◆ Data excerpt
[Start of Attachment]

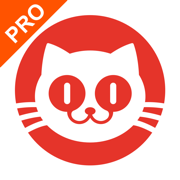 猫眼专业版app官方下载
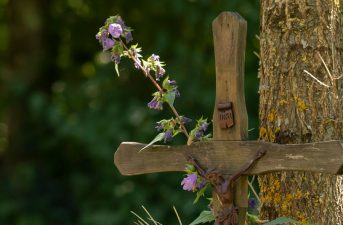 KAD_Friedhof_Platzhalter08_900x600px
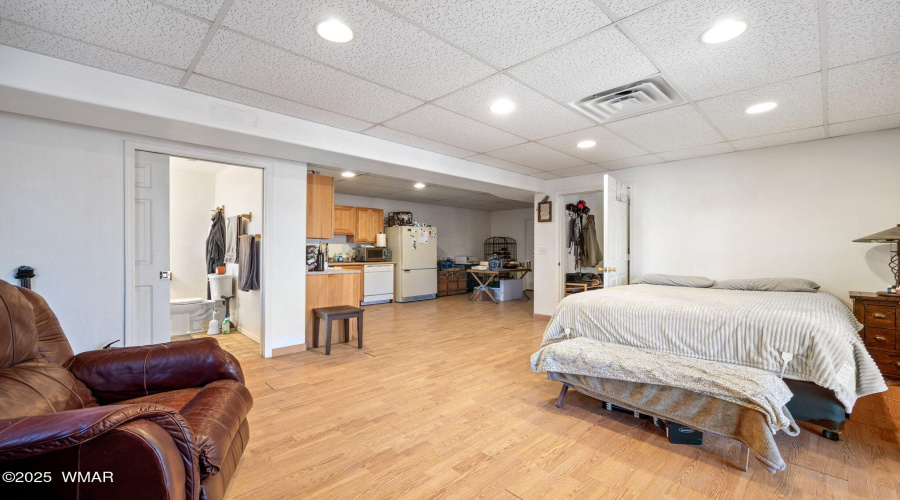 Lower level Living Room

[End of Attachment]

Your copy must consist solely of the lines from the one containing "KAD_Friedhof_Platzhalter08_900x600px" through the final line of the material above, transcribed exactly, with the pictures left out.

 KAD_Friedhof_Platzhalter08_900x600px
 Lower level Living Room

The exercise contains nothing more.